◆ Records for this exercise:

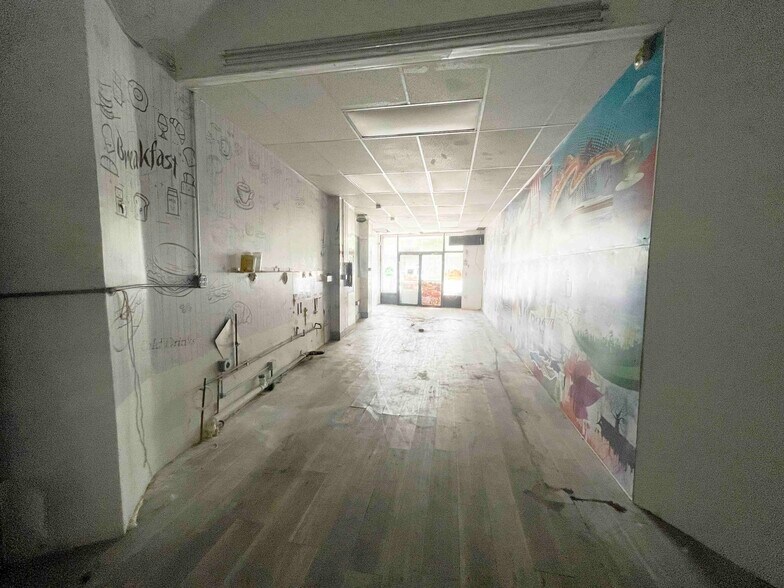 10009 Astoria Blvd, East Elmhurst, NY à louer - Photo de l’immeuble – Image 3 sur 8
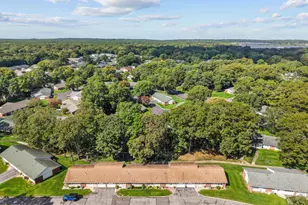 46 Trent Ct, Ridge, NY 11961 - Photo 3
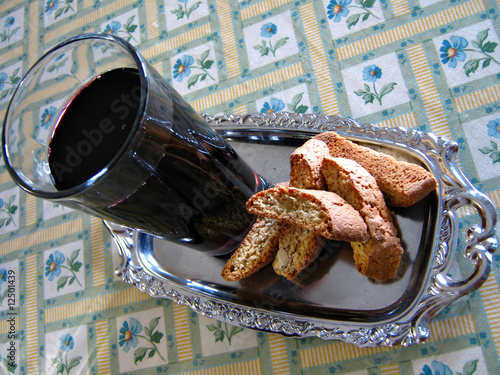 Cantucci e vino photo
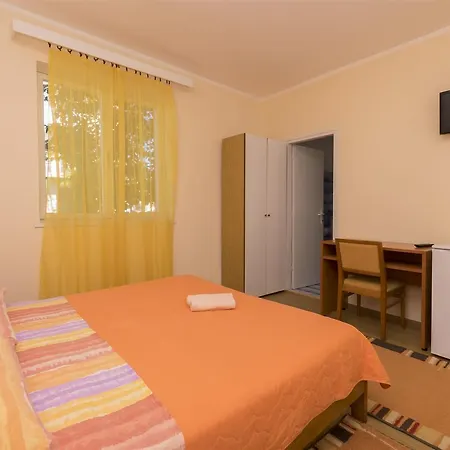 Apartment And Ivica *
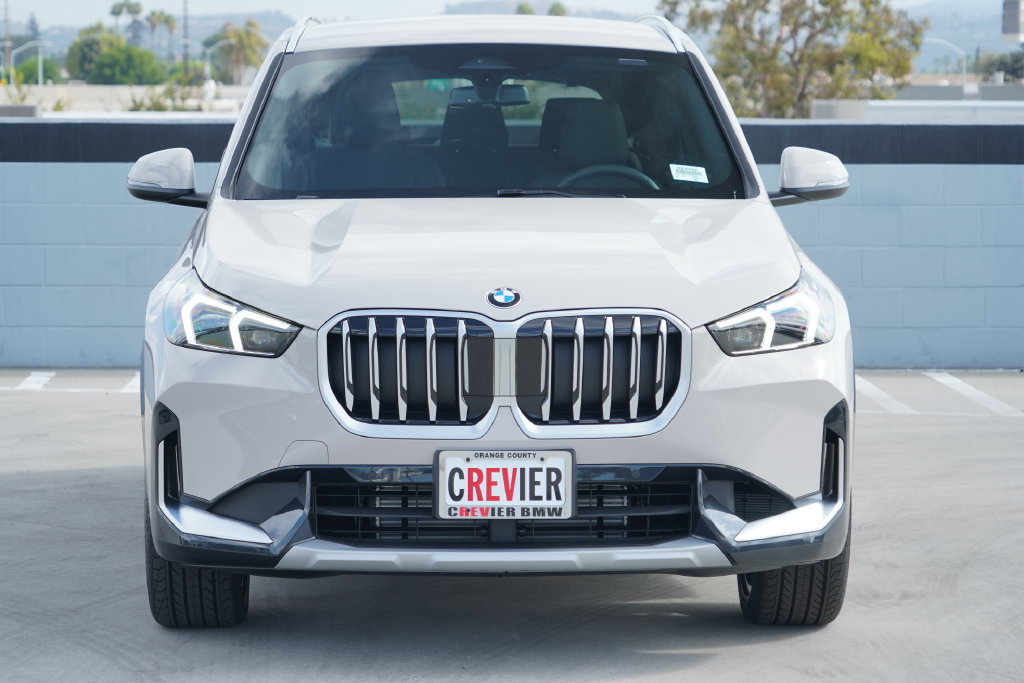 Thumbnail: 2027 BMW X1 - 2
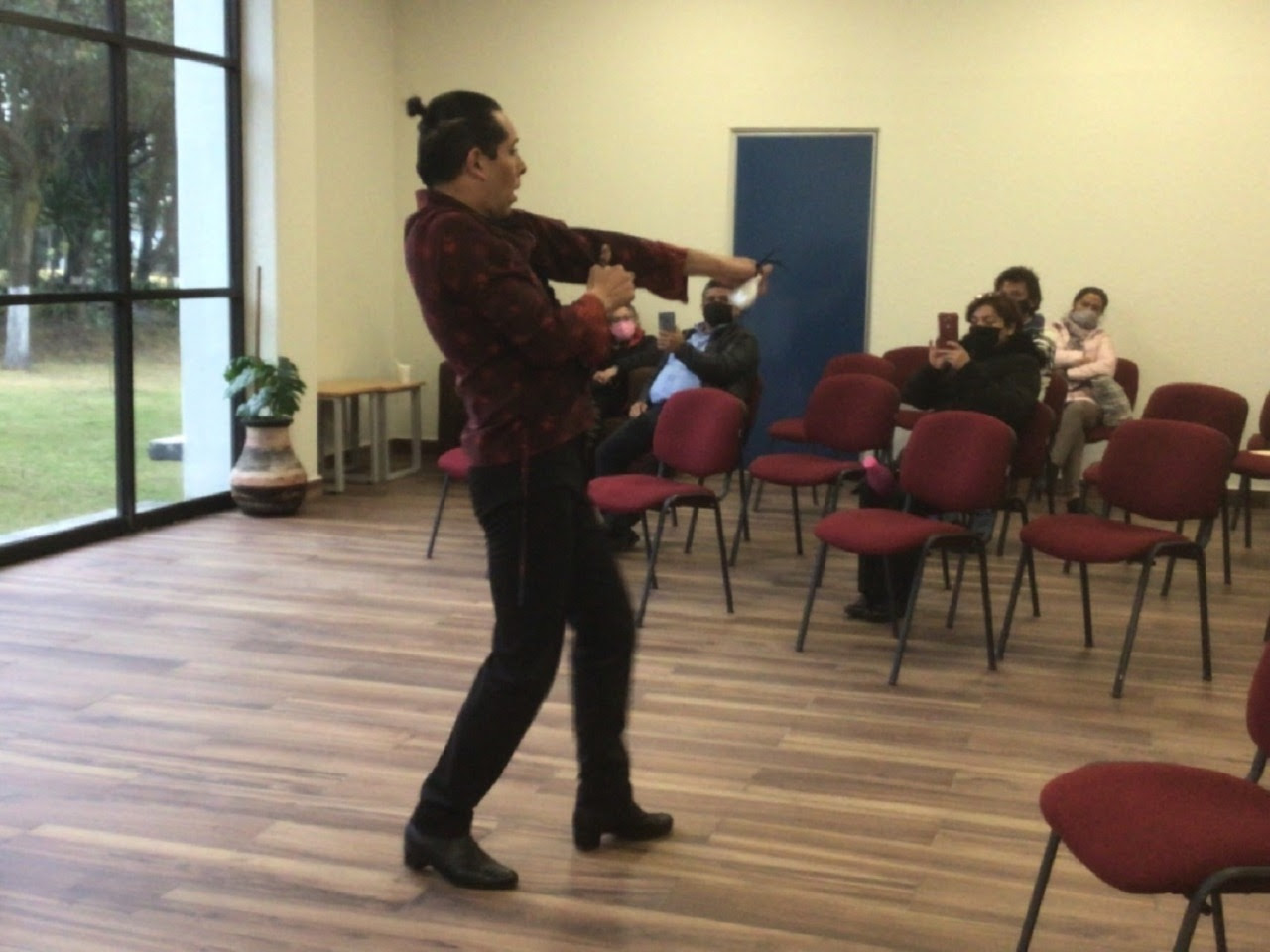 2022-01-14-entre-lorcas-y-tablaos-recital-que-celebro-el-29-aniversario-de-la-biblioteca-publica-leona-vicario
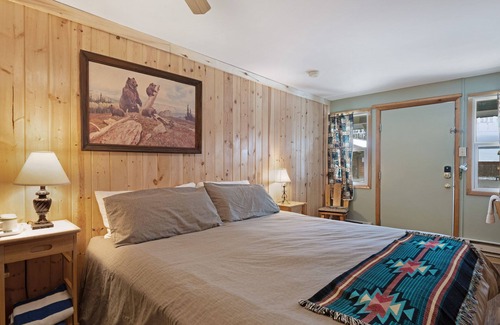 South Fork Cabin | Foothills Lodge 3 - South Fork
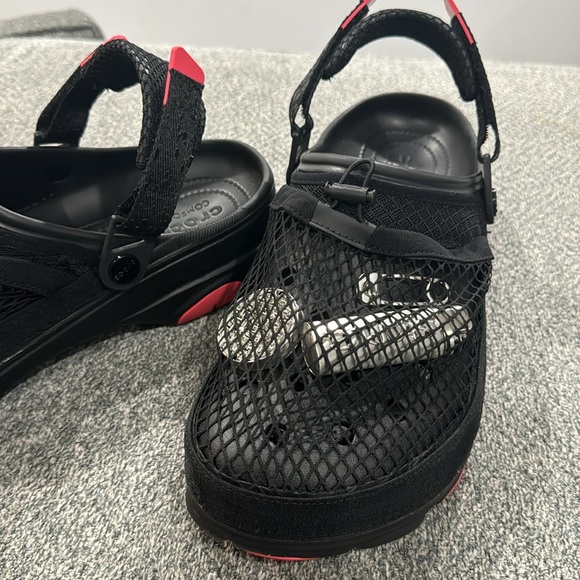 Crocs Classic All-Terrain Clog
Staple Homing Pigeon - Picture 2 of 5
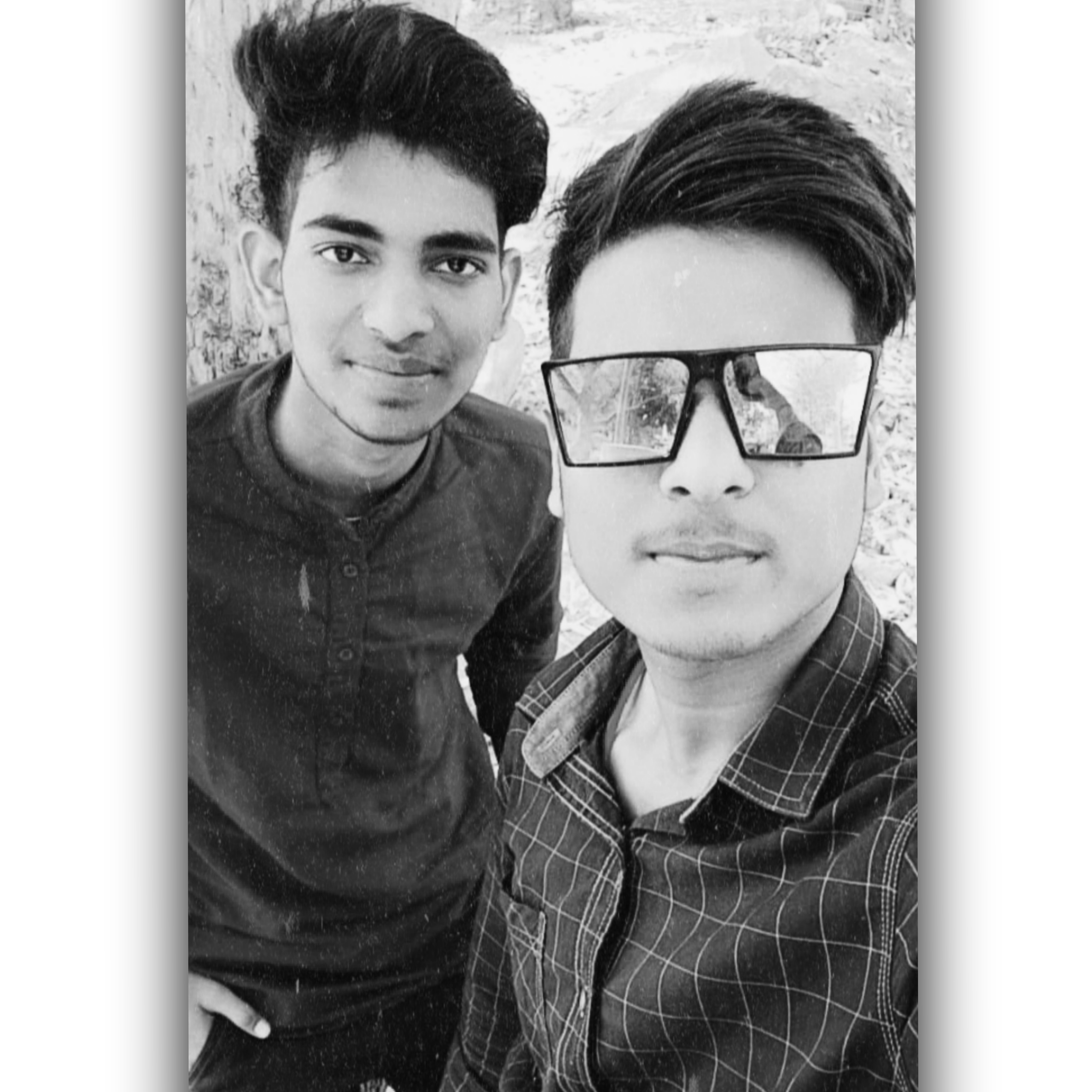 एक शख़्स's image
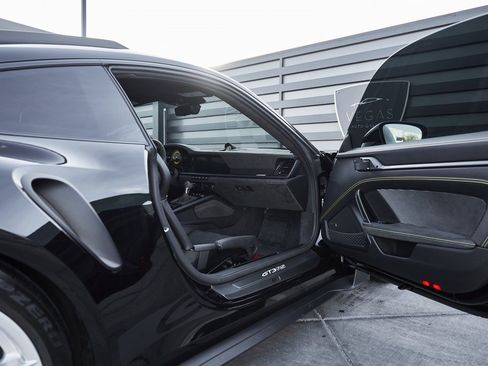 Used 2024 Porsche 911 GT3 RS w/ Weissach Package image 28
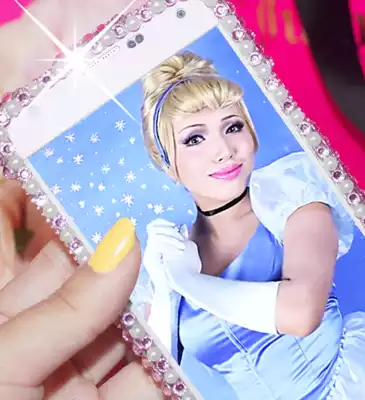 Play Cinderella Makeup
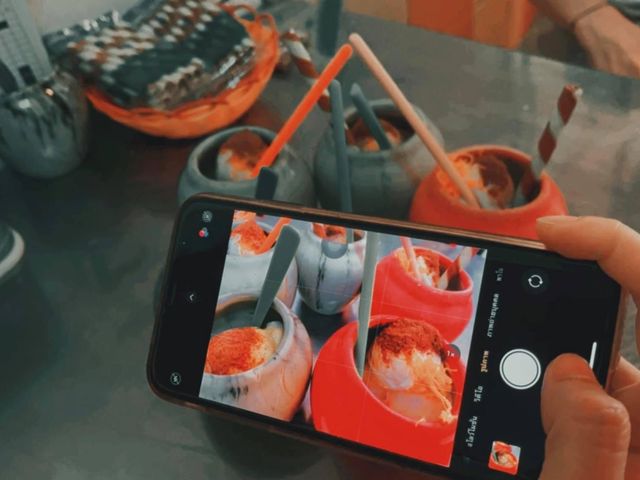 ไอติมโอ่งย่านเมืองเก่า ถ.นางงาม ถ่ายรูปชิคๆ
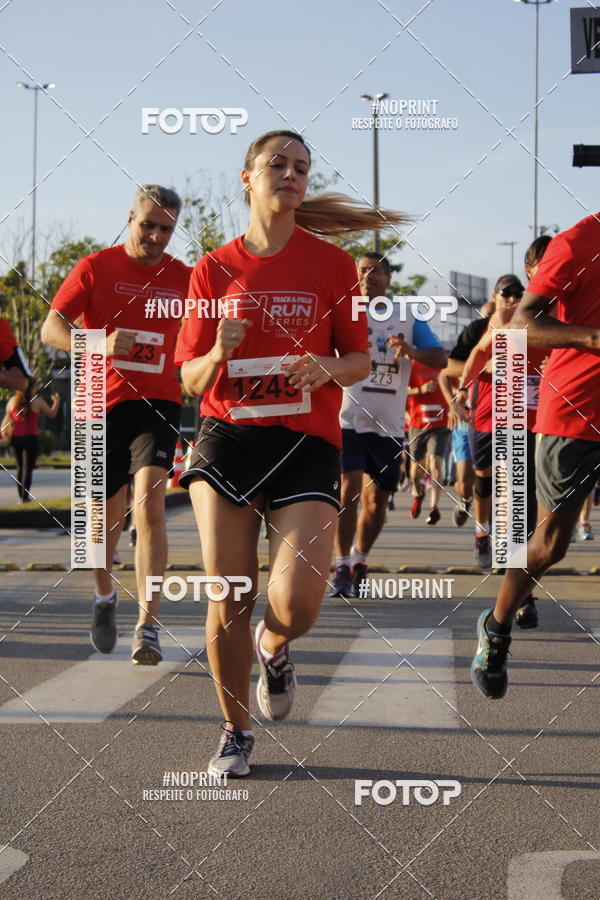 Buy your photos of the eventSantander Track & Field Run Series - Shopping Tambor on Fotop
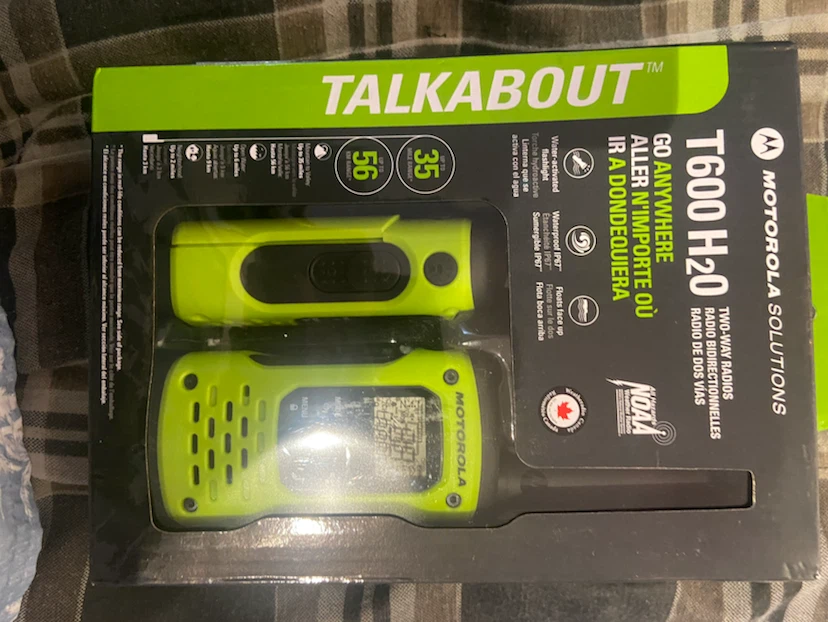 Motorola T600 H2O Talkabout Two-Way Radios (Dual Pack) - photo 2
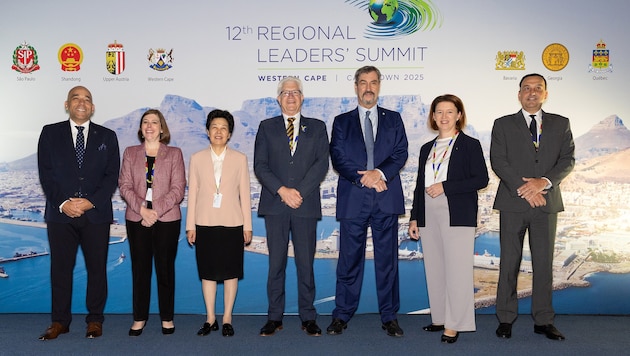 Die Power-Regionen und ihre Vertreter (v. li.): Québec, Georgia, Shandong, Westkap, Bayern, ...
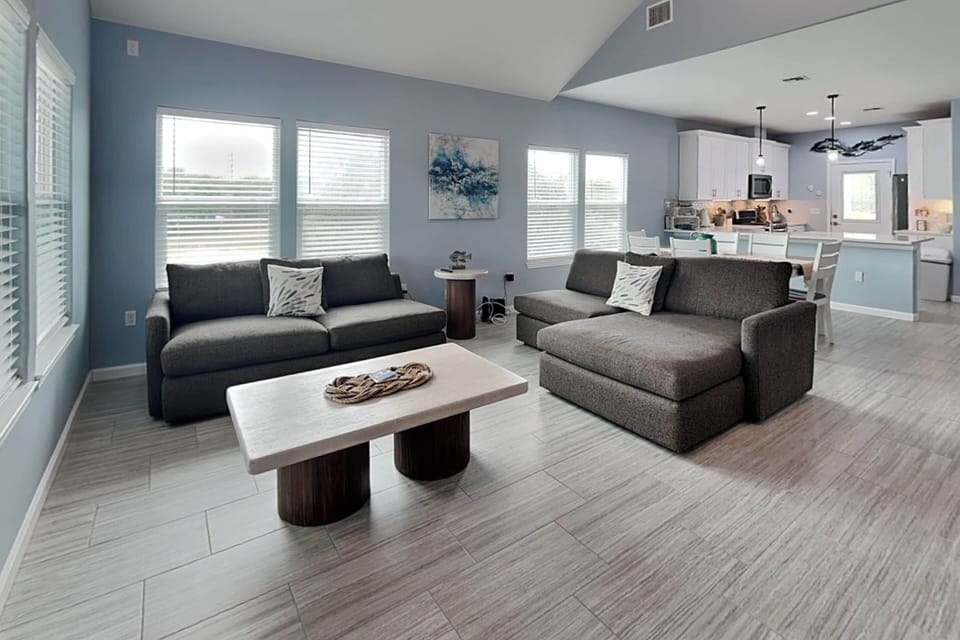 House (4 Bedrooms) | Property amenity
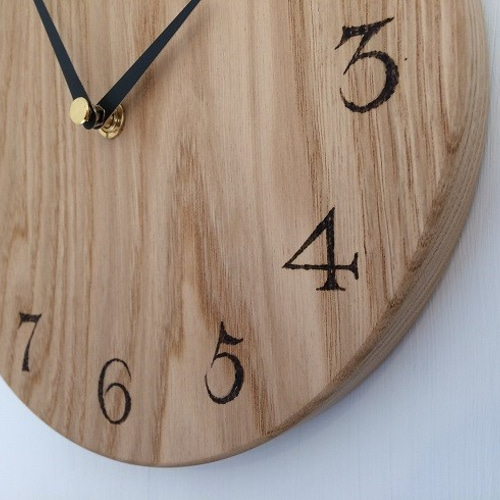 木の時計　掛時計　栗 グランプリ受賞作品】栗名月～栗×ウォールナットの木製時計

◆ Work order:
Write out word for word the lines of the listing above from the line with "Used 2024 Porsche" to the line with "Motorola T600 H2O", taking in both of those lines but no pictures.

◆ Written response:
 Used 2024 Porsche 911 GT3 RS w/ Weissach Package image 28
 Play Cinderella Makeup
 ไอติมโอ่งย่านเมืองเก่า ถ.นางงาม ถ่ายรูปชิคๆ
 Buy your photos of the eventSantander Track & Field Run Series - Shopping Tambor on Fotop
 Motorola T600 H2O Talkabout Two-Way Radios (Dual Pack) - photo 2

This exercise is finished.